For Whatever Helps she dons her electric guitar and harnesses a distorted and breathy coupling that hasn’t been bettered since Death In Vegas’ Girls. This fuzzy successor switches up the evening’s atmosphere and introduces Siobhan’s darker, neo-noir edge. Those savvy enough amongst us detect early on (I will confess ignorance to this), and is confirmed by her word, that she is performing her latest album cover-to-cover — a piece of intel that goes down swimmingly with her congregation on account of the sophomore offering’s flawless flow.


Through grilled windows dances the sapphire shadow-play of a charging ambulance, its drone muffled by the sanctuary of Siobhan’s dulcet rendition of Dear God — which she states herself is ironically fitting. Over an eerie guitar, she floats forth with hushed vocals akin to Mazzy Star and hung are we on every goddamn syllable, pulling apart each tender lyric for meaning as to why some amongst us still believe in an almighty presence despite feeble evidence.

The Elgin-born singer flaunts her bi-lingual prowess on Paris Est Blanche and J’attendrai, supplemented by her twinkling French piano — both resplendent and endearing in equal measure. Her celestial vocals on Incarnation makes its flirtatious high-wire act over guitarist Matt Rawlings’ pit of distortion even tenser, as at the flick of his wrist we are thrown from our shelter into the seething sonic storm. In backing this evening the Demi-Octet (two violins and two cellos) provide the set with a textured depth that elevates it beyond the typical singer/songwriter affair — a beautiful accompaniment, exploiting all the acoustics on offer.


Seldom do Siobhan’s Scottish tones seep out in her singing, but during tune-to-tune interludes the contrary presents itself. Her charming rapport with high school pal Rawlings, and furthermore her adoring crowd, lure us into her folksy aura even more. An exchange between the two about being victims of bullying, endearing nicknames, and a special ‘dinosaur language’ they invented during adolescence woos us absolutely with comical affection. Never is a hint of hubris detected, instead she shows genuine gratitude for our presence and laces the evening with her homely and convivial Caledonian patter.

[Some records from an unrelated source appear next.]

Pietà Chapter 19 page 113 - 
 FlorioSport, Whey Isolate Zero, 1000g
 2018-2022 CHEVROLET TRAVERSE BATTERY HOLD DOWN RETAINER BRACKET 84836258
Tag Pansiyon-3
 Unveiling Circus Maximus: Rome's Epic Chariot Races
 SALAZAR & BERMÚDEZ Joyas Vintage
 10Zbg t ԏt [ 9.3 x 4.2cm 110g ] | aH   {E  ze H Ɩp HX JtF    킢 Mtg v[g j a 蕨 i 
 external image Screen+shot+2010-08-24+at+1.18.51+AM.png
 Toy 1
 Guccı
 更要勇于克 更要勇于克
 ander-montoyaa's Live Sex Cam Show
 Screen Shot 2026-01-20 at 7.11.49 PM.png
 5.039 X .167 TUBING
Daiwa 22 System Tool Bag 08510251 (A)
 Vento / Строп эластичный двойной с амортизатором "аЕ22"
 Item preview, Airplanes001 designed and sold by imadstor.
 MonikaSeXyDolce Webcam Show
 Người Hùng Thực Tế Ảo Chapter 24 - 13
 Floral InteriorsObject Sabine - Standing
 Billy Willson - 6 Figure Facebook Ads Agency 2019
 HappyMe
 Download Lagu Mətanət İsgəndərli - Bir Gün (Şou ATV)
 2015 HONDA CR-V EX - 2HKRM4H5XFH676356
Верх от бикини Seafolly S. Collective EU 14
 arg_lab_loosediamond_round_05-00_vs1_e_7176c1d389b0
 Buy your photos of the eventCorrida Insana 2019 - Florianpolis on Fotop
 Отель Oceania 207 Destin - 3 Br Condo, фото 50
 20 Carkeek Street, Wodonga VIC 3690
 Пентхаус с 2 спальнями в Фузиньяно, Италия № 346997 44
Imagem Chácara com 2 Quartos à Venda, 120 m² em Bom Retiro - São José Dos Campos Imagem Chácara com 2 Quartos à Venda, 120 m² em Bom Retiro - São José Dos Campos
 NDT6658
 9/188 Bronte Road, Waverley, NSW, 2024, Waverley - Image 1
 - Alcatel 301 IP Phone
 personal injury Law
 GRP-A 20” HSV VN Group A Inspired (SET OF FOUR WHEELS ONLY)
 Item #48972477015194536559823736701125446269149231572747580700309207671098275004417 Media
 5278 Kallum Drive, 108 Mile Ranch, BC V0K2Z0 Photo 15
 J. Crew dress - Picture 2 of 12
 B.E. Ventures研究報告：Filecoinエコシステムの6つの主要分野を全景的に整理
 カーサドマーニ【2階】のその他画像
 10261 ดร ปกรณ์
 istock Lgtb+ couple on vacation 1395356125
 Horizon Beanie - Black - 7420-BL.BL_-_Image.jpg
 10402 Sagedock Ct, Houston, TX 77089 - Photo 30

With her ‘last track’ — as she embeds in air quotes — It Must Have Been The Moon her voice pitches between casual and angel with an ease that makes us mortals shake. As she retakes the stage for her double encore, a shadowed crowd member shouts out a request for Terrible Woman — which she obliges, but adds that she has struck the track from her live repertoire for fear of being considered the object of the title. However, from her delivery of the tune to the two that follow and the night as a whole, she can seek solace in the fact that there is positively no evidence available to suggest that she is anything close to terrible.